Supplied information -
++++

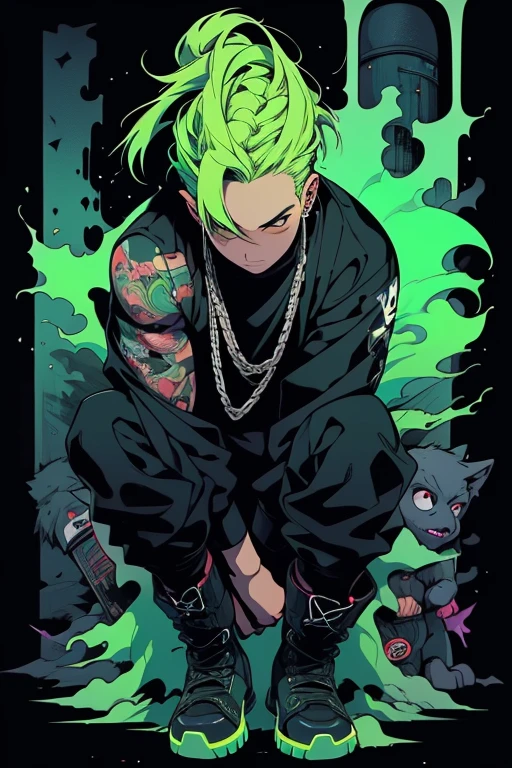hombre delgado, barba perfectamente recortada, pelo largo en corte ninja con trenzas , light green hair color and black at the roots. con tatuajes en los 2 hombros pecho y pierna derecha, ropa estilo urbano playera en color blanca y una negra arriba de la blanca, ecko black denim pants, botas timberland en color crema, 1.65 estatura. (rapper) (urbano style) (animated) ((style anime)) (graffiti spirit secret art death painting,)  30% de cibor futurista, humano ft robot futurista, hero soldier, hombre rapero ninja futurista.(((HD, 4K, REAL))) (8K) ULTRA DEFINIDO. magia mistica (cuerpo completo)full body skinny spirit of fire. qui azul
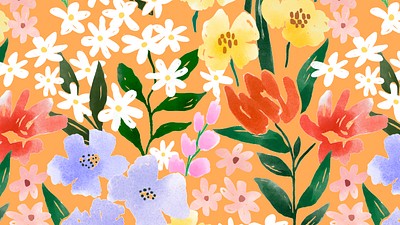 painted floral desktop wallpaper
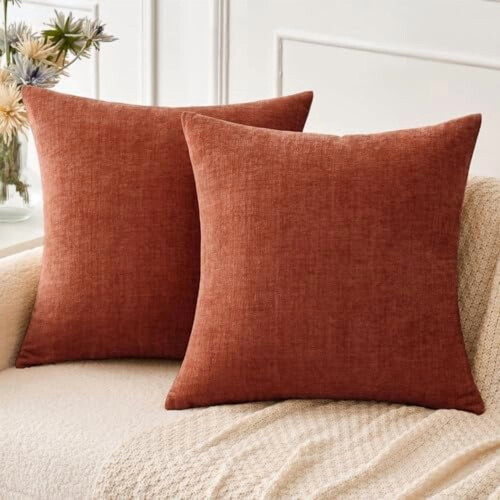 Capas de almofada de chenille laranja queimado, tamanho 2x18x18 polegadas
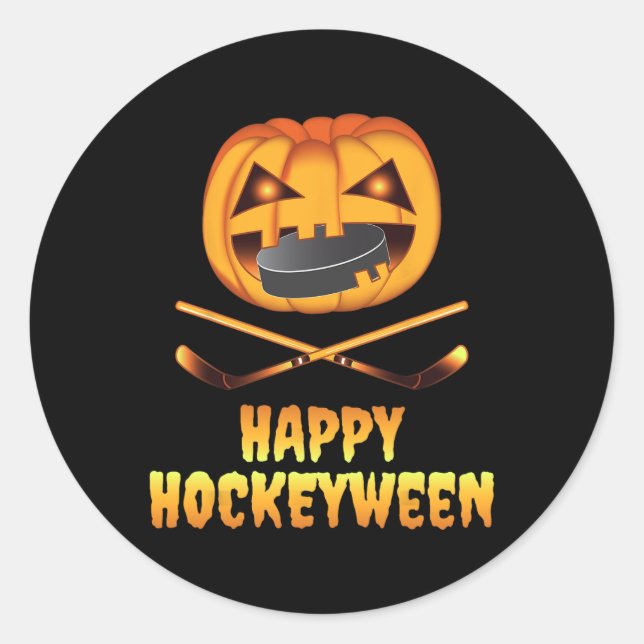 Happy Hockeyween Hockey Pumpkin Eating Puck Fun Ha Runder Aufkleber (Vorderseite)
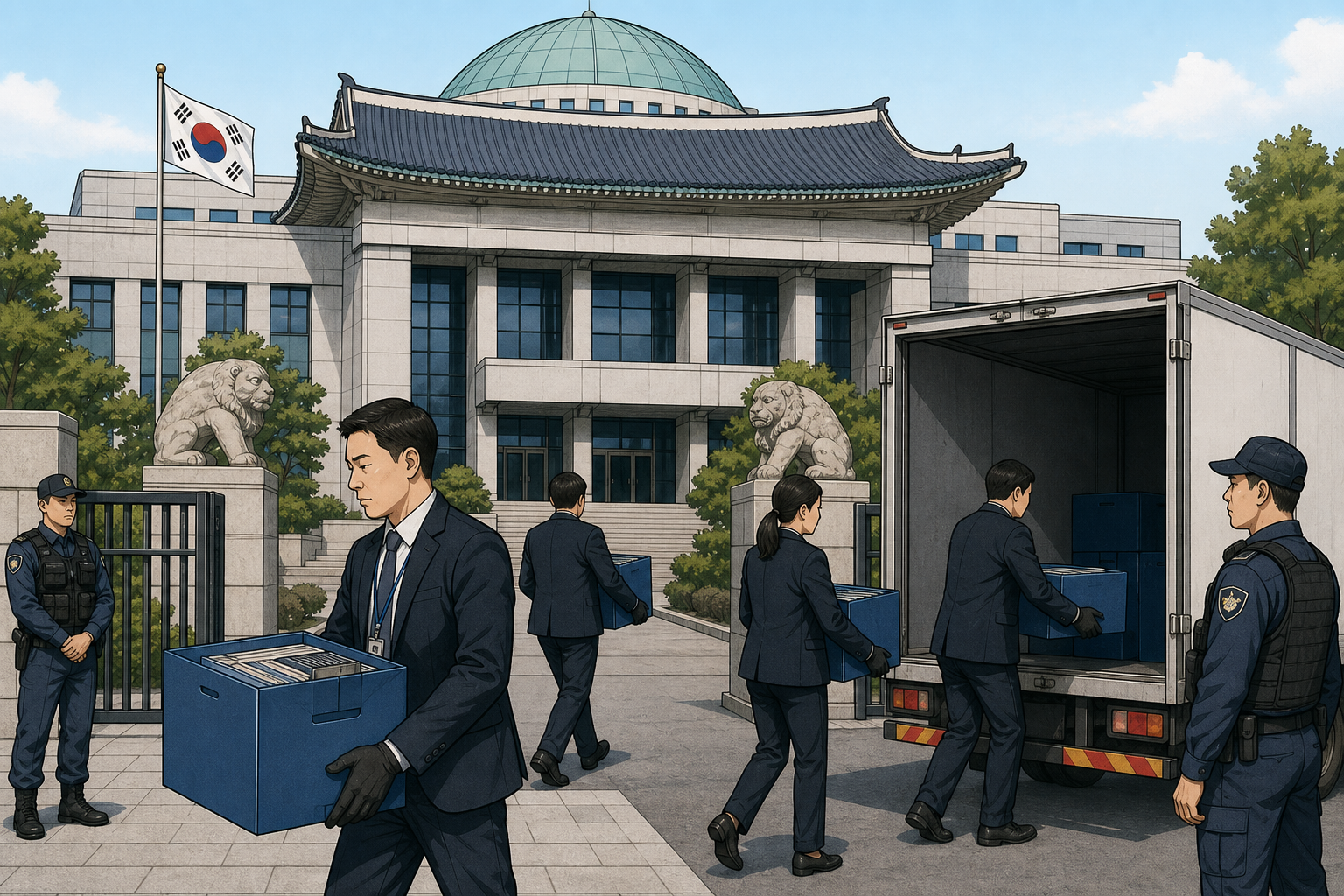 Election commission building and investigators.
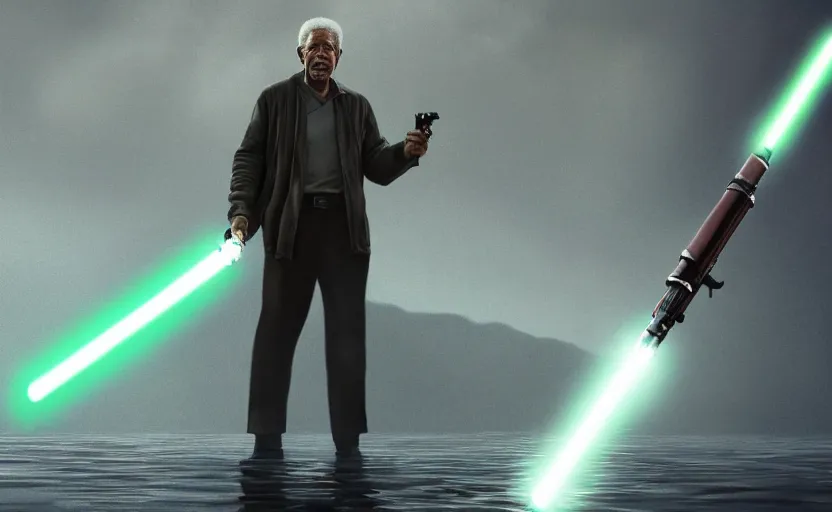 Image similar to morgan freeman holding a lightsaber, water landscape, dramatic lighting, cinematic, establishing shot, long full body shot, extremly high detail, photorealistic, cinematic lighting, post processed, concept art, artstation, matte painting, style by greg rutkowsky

++++

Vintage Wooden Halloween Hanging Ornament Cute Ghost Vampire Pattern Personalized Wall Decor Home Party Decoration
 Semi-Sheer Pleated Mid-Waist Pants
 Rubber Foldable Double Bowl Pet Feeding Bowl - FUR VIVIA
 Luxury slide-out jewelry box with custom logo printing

++++

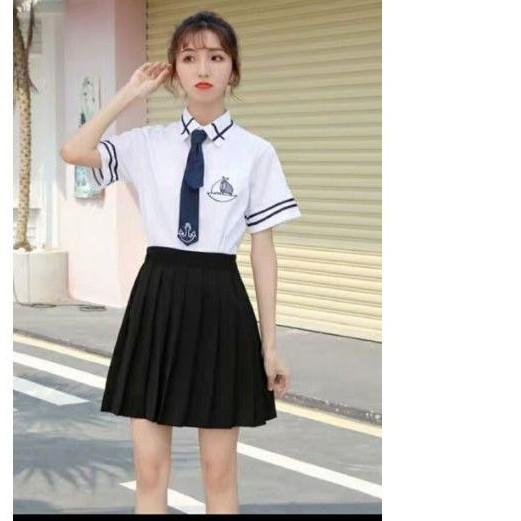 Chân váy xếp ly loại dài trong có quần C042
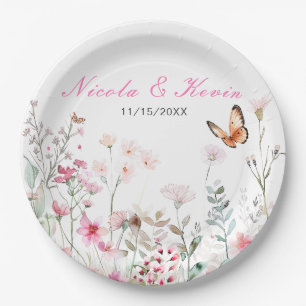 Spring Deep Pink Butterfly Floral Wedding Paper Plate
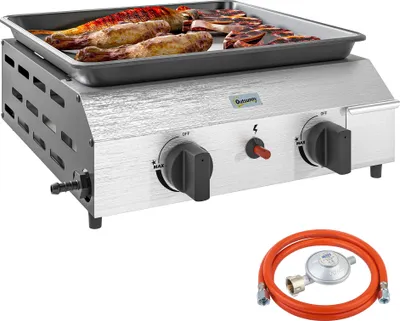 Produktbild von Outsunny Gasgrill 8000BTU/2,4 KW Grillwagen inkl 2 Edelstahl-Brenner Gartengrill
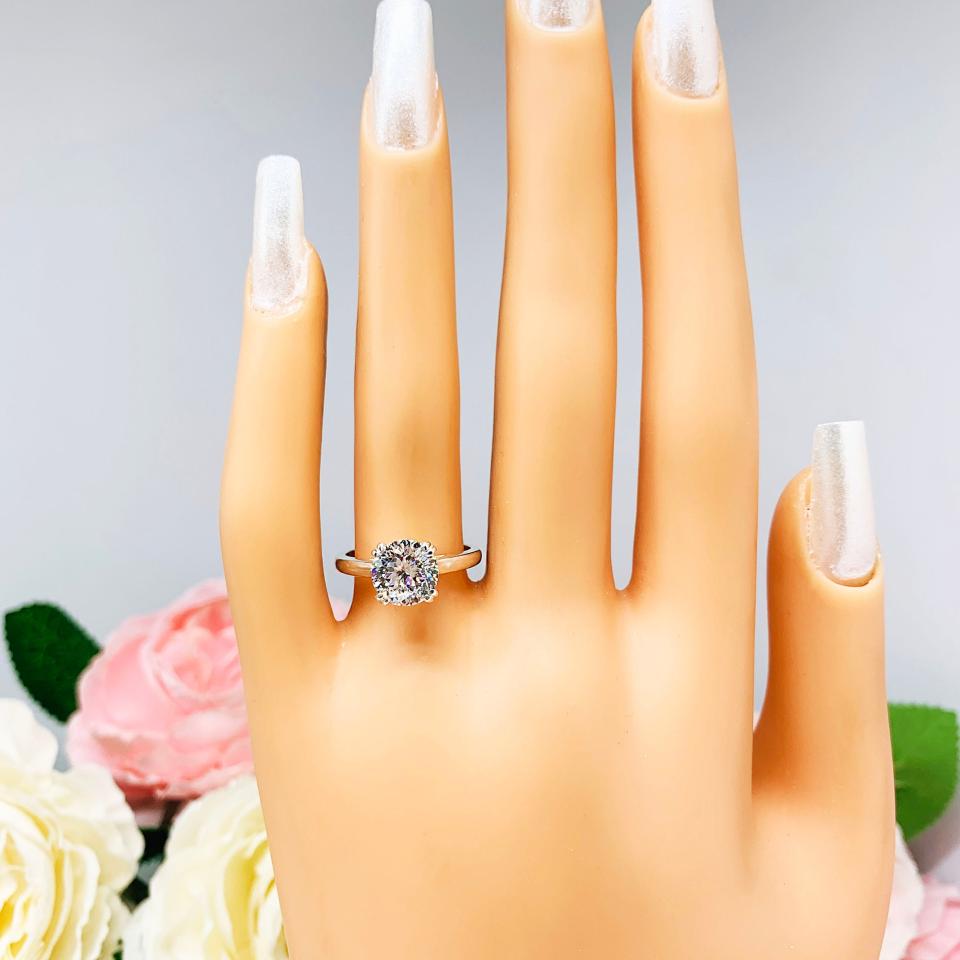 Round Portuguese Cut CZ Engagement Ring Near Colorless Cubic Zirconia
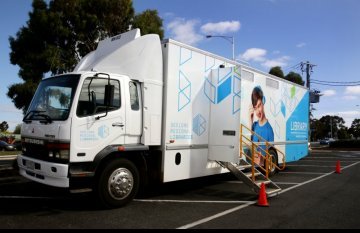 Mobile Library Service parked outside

++++

Required work - From the records above, copy exactly the stretch from the line holding "Chân váy xếp ly loại dài trong có quần C042" through the line holding "Mobile Library Service parked outside", both ends included, without the pictures.

Expected answer -
 Chân váy xếp ly loại dài trong có quần C042
 Spring Deep Pink Butterfly Floral Wedding Paper Plate
 Produktbild von Outsunny Gasgrill 8000BTU/2,4 KW Grillwagen inkl 2 Edelstahl-Brenner Gartengrill
 Round Portuguese Cut CZ Engagement Ring Near Colorless Cubic Zirconia
 Mobile Library Service parked outside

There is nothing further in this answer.